Items listed in a dataset:
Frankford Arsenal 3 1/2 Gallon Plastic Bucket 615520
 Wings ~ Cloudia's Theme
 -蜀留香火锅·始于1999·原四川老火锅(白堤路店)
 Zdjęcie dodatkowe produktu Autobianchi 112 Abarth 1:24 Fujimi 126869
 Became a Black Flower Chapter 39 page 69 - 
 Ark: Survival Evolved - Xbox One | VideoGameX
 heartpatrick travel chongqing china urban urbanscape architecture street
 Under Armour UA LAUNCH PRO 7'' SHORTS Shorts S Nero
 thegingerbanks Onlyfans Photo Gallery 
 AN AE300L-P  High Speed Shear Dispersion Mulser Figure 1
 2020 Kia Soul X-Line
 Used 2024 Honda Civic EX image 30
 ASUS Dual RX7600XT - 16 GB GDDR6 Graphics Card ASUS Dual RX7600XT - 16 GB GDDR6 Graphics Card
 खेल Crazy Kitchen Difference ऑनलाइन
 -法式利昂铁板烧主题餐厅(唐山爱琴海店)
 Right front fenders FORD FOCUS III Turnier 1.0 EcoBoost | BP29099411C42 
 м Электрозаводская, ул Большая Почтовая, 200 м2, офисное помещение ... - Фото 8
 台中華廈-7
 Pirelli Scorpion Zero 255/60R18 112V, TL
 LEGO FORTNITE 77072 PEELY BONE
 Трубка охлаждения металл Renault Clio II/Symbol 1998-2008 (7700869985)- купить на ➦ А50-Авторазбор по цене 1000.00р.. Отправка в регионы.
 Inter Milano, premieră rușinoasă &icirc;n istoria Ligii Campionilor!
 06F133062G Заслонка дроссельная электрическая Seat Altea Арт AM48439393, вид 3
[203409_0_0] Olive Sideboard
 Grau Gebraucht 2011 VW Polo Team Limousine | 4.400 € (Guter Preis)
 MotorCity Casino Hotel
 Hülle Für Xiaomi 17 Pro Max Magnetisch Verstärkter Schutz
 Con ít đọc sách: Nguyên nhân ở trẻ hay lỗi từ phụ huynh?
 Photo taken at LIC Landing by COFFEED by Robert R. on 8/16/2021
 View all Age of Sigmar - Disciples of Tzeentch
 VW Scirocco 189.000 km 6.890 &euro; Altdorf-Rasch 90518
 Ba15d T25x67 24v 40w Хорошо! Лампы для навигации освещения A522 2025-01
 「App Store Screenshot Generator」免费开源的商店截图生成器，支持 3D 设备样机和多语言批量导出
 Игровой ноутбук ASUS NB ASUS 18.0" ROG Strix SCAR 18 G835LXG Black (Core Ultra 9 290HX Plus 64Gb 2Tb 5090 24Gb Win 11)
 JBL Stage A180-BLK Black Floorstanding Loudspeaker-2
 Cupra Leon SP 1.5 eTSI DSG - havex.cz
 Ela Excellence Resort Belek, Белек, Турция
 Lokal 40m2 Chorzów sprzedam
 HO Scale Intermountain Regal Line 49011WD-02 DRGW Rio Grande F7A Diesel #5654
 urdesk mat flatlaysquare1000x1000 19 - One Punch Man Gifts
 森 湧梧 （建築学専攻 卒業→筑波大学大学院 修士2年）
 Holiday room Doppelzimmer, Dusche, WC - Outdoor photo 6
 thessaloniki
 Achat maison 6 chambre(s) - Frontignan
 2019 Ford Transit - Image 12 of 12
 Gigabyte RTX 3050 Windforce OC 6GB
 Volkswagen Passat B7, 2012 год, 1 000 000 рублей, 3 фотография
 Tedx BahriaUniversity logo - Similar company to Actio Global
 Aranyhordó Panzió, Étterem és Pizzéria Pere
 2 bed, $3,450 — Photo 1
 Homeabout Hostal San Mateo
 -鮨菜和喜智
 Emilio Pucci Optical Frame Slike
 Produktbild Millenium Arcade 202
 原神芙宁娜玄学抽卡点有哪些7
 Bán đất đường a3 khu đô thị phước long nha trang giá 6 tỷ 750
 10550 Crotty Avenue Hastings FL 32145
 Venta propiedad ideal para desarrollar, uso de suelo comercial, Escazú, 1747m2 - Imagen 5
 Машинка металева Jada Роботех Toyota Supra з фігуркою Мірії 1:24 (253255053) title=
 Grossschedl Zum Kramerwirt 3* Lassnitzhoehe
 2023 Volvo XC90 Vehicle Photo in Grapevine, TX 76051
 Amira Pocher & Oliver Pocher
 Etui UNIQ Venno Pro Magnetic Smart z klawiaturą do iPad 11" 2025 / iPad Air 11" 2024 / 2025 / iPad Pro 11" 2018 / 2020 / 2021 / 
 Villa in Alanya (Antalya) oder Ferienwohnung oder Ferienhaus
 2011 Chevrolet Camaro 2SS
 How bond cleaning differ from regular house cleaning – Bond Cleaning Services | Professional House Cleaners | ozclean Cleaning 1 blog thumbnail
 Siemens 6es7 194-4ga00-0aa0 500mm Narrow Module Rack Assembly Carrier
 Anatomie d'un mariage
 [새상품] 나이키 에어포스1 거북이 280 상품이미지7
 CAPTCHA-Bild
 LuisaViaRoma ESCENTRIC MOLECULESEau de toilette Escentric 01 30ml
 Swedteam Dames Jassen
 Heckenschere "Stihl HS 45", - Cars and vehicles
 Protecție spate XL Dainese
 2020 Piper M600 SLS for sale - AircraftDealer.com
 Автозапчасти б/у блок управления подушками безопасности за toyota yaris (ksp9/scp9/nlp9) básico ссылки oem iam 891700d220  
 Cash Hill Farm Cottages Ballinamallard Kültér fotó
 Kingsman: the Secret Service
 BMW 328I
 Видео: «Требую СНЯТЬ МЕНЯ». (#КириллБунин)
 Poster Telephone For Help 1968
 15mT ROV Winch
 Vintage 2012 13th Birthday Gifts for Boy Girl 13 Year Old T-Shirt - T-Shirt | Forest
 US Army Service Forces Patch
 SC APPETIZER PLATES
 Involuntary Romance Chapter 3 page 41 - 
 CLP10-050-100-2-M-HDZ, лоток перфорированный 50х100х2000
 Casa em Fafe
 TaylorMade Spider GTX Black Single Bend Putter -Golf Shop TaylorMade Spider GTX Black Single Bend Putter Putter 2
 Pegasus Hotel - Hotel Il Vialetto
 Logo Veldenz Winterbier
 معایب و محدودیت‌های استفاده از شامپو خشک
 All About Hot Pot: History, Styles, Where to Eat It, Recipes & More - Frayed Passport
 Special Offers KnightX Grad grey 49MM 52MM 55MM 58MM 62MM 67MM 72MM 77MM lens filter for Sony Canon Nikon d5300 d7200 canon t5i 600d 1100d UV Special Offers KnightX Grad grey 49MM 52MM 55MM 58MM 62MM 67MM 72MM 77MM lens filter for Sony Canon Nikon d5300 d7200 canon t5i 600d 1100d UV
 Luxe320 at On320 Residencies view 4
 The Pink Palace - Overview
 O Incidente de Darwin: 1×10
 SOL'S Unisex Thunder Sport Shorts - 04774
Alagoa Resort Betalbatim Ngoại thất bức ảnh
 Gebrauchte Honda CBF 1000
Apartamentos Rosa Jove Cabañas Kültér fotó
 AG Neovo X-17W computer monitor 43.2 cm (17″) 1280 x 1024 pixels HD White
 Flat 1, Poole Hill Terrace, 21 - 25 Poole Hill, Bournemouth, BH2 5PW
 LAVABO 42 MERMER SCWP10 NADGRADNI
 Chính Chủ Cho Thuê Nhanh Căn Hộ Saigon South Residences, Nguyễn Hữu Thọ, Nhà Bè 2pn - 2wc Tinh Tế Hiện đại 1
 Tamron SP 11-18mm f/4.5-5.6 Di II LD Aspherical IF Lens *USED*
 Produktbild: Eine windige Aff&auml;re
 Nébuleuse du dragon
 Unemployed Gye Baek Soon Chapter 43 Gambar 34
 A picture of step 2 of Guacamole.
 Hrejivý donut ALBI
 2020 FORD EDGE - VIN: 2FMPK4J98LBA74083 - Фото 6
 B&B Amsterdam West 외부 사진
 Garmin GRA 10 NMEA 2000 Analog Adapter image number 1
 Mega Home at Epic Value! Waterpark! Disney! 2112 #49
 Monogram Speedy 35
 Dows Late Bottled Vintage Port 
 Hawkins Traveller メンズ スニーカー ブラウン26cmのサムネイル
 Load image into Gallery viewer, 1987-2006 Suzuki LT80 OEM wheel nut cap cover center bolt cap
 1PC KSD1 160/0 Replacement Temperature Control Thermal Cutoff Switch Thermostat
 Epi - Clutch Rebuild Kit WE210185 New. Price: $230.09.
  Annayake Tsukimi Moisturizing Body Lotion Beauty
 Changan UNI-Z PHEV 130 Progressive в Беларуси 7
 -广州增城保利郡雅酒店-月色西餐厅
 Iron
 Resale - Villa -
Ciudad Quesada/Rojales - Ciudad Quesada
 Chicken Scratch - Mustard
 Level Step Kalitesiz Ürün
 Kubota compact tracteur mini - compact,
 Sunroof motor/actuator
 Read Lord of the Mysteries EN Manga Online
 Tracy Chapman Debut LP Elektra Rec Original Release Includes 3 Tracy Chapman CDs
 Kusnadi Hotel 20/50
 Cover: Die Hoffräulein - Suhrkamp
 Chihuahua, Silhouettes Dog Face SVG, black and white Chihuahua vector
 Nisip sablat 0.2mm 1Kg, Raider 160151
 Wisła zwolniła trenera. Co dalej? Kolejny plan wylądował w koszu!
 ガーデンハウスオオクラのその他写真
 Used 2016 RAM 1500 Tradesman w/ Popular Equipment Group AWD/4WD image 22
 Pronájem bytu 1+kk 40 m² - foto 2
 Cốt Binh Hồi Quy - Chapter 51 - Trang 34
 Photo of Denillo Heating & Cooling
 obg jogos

WORK TO COMPLETE: All lines above containing the string "Hotel": copy each one.

EXERCISE SOLUTION:
 MotorCity Casino Hotel
 Pegasus Hotel - Hotel Il Vialetto
 Kusnadi Hotel 20/50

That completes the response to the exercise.